Le massacre de Hewlêr
Lorsque l’armée turque pénètre au Sud-Kurdistan dans la nuit du 13 au 14 mai 1997, avec près de 200 000 soldats et gardiens de village, dans le cadre de l’opération « Marteau » (« Çekiç Operasyonu ») menée contre le PKK, le Parti démocratique du Kurdistan (PDK) lui apporte son soutien. La collaboration du parti de Barzani ne se limite pas aux offensives contre les bases de la guérilla, elle s’étend également aux villes, notamment à Hewlêr. Le deuxième jour de l’invasion, le 16 mai 1997, l’hôpital Fondation pour la Vie et la Reconstruction du Kurdistan (Dezgay Jiyan û Awedan, DJAK) géré par le Croissant rouge du Kurdistan (Heyva Sor a Kurdistanê), dans lequel sont soignés les blessés du PKK, est attaqué par des miliciens du PDK lourdement armés, en même temps que plusieurs organisations et partis liés au mouvement kurde, tels que le bureau de l’Unité démocratique nationale du Kurdistan de (YNDK), le siège de l’Association des Femmes libres du Kurdistan (YAJK), les bureaux des journaux Welat et Welatê Roj et la représentation du NÇM. 62 combattants blessés de la guérilla sont massacrés rien que dans l’hôpital. Au total, 83 membres du PKK perdent la vie dans le massacre de Hewlêr. Parmi eux, figurent des journalistes et des militantes des droits des femmes.
Capturé et tombé à Botan
Hozan Serhat était dans les montagnes au moment du massacre dans lequel beaucoup de ses camarades ont été tués. Sa chanson « Hewlêr » est dédiée aux martyrs de ce « massacre fratricide ». À partir de 1998, il s’engage de plus en plus dans la lutte armée.

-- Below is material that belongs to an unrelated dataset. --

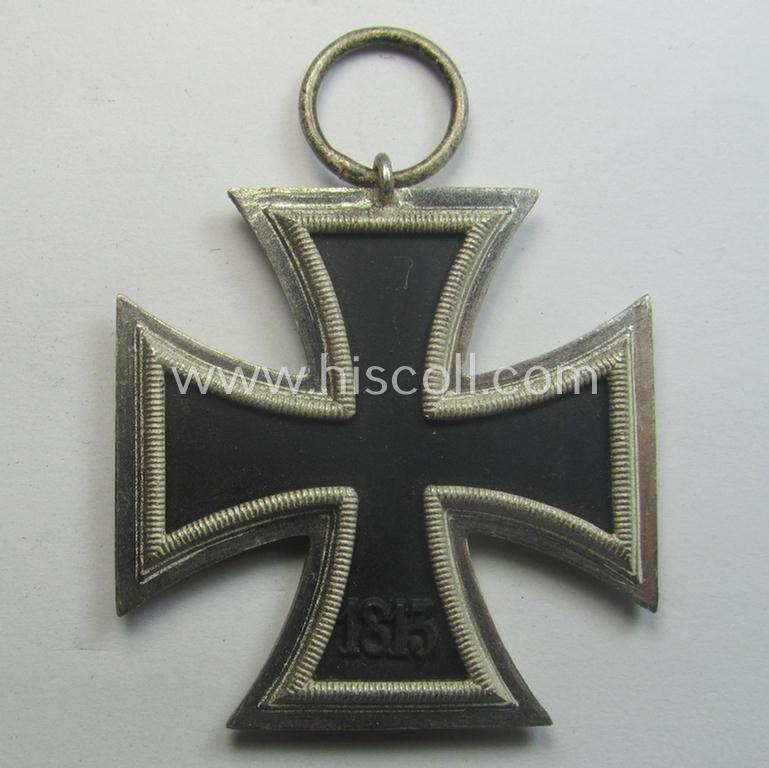 'EK II. Klasse' being a maker- (ie. '4'-) marked example that comes together with its original- and once-mounted ribbon (ie. 'Bandabschnitt') as was produced by the maker (ie. 'Hersteller'): 'Steinhauer u. Lück'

En octobre de la même année, commence l’odyssée de plusieurs mois du leader du PKK Abdullah Öcalan à travers différents pays d’Europe, qui se terminera par son enlèvement par la Turquie au Kenya en février suivant. Peu de temps après, Hozan Serhat participe au sixième congrès du PKK avant de se rendre à Botan, bastion de la résistance kurde du nord, avec un groupe d’artistes, dont le cinéaste et journaliste Halil Uysal. En juillet, le groupe tombe dans une embuscade de l’armée turque dans la province de Hakkari. Blessé, Hozan Serhat est capturé par les militaires turcs. Le 22 juillet 1999, il est abattu par l’armée près du plateau de Faraşin, non loin de Beytüşşebap, et jeté d’un hélicoptère. Ses restes n’ont jamais été retrouvés.